Today was the day that the Sir David Attenborough was due to be launched into the Mersey.
At 129m in length, its 10,000 tonne hull would take some shifting, and then some catching when it made it into the water.
Given that we will be involved in the fitness-for-science trials in a year’s time, we sent our reporter along to watch, and make sure it floated and didn’t sink.
Here she is on the slipway (vessel not reporter!) being put on the greased ramps by the multi-wheel trucks that move it in and out of the shed where it has been constructed so far.
It doesn’t yet have a full superstructure because this won’t fit in the shed, so the plan is to float the main part of the hull, tow it into the adjacent dockyard basin and then finish the top off for the rest of the year.

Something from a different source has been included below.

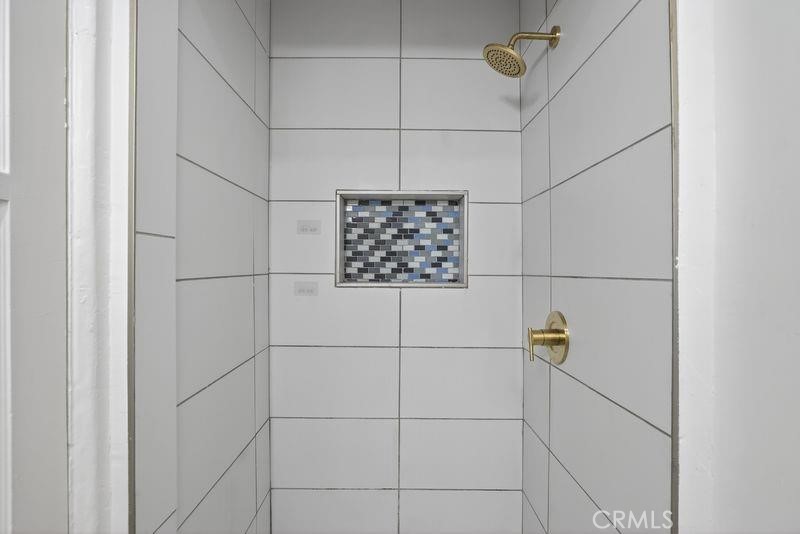 https://media.crmls.org/medias/308b44d2-ec79-49c4-8a79-7bd578aa6d30.jpg?preset=X-Large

Courtesy of Cammell-Laird / NERC / BAS
So from a prime vantage point on the opposite side of the Mersey, to get a full view of the splash it makes as it enters the water, our team member sent us these snaps – and it is as huge as we thought it was.
So, all ready to go, speeches made, three tugs ready to catch it, one ready to give it a little pull to get it moving – Royal Artillery fire a very big gun – and Sir David Attenborough presses the “launch” button.
Slowly but surely with a little pull from the tug she starts to move.
Picks up a bit of speed ……. and ……. splash, water over the transome and swamps the stern working deck.
And it floats …….
Caught by a tug, and the other three come into help – the Mersey had to be dredged to stop the Attenborough running a ground.
This is the largest non-military vessel to be launched in the UK for 30 years, and launched down a slip way in 30 years as well.
It starts to drift up river and spins its bow into the current, even though it is slack water of the tide.
It still has the bow bracing props attached to stop it tilting nose down on launch down the slipway. These will get taken off now.
Tugs have finally wrestled it under control and the local yacht club have come to take a look and give it a suitable send off.
Towed back in in front of the shed – where the superstructure is ready to be added as it is already assembled in the shed to the left.
And the tugs tow the hull round into the basin adjacent to the ship yard.
In the water in less than a minute ……. in the basin within 20 mins. All very efficient and run like clockwork.
And strung as a short video …… at not quite real speed!
And the weather has brought out not just the sun to the NE of England……
….. and a bumper cherry crop, plus ……..
Muscadet ………. .
Grapes growing in the NE of England – who’d have thought it?